FIGURE 5. Accuracies on different tissues on independent test set I. The tissues include the lung (LUNG), stomach (STCH), hematopoietic and lymphoid tissue (HAUE), skin (SKIN), large intestine (LANE), breast (BRST), biliary tract (BICT), esophagus (OEUS), liver (LIER), prostate (PRTE), upper aerodigestive tract (UPCT), pancreas (PAAS), soft tissue (SOUE), central nervous system (CEEM), urinary tract (URCT), NS (NSNS), salivary gland (SAND), bone (BONE), thyroid (THID), ovary (OVRY), kidney (KIEY), endometrium (ENUM), meninges (MEES), adrenal gland (ADND), pleura (PLRA), small intestine (SMNE), eye (EYYE), testis (TEIS), genital tract (GECT), pituitary (PIRY), thymus (THUS), and peritoneum (PEUM).

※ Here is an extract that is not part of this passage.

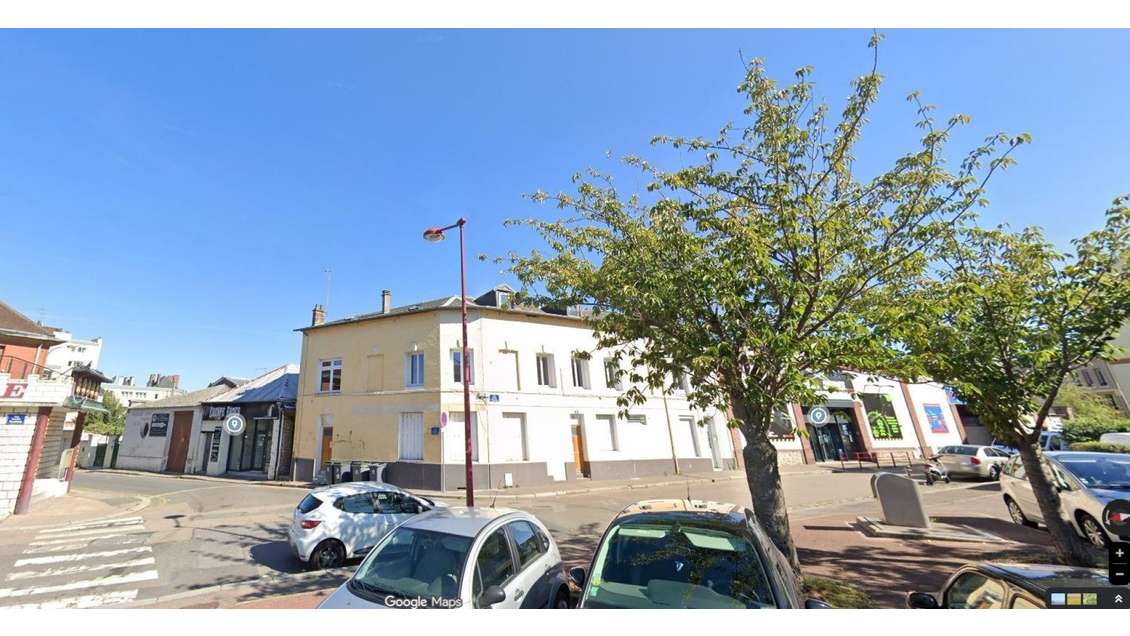 Vente murs commerciaux loués 9 % net à Elbeuf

We further evaluated the mutation distributions among the aforementioned tissues. The prevalence of these putative driver mutations across tissues is shown in Figure 6. It can be seen that hematopoietic and lymphoid, lung, stomach, large intestine, breast, and skin tissues achieve higher distributions compared to the other 26 tissues. This fact indicates that synonymous mutations occurring in hematopoietic and lymphoid tissue have the highest chance to be driver mutations. On the other hand, synonymous mutations that occur in the pleura, genital tract, thymus, peritoneum, and parathyroid tissues have the lowest chance of serving as driver mutations. By comparing the prevalence of driver missense mutations across tissues reported in (4), we found that mutations in four types of tissues, including the lung, stomach, breast, and colon, had a high prevalence for both synonymous and missense mutations.
The genes with mutations containing more than 50 were TTN, MUC2, MUC4, KDM6A, CSMD1, MXRA5, RELN, SCN10A, and ZFHX3. We tried to remove these genes with mutations more than the thresholds of 60, 50, 40, 30, 20, and 10, respectively, since there may be localized mutation processes (e.g., AID hypermutation; APOBEC3A and DNA stem-loop structures) that generate recurrent but non-causal mutations. Then, we calculated the corresponding prediction accuracy for each aforementioned threshold. As shown in Figure 7, the accuracy ranges from 0.783 to 0.788, while the threshold decreases from 60 to 10. The results indicate that the prediction performance is changed slightly with different thresholds.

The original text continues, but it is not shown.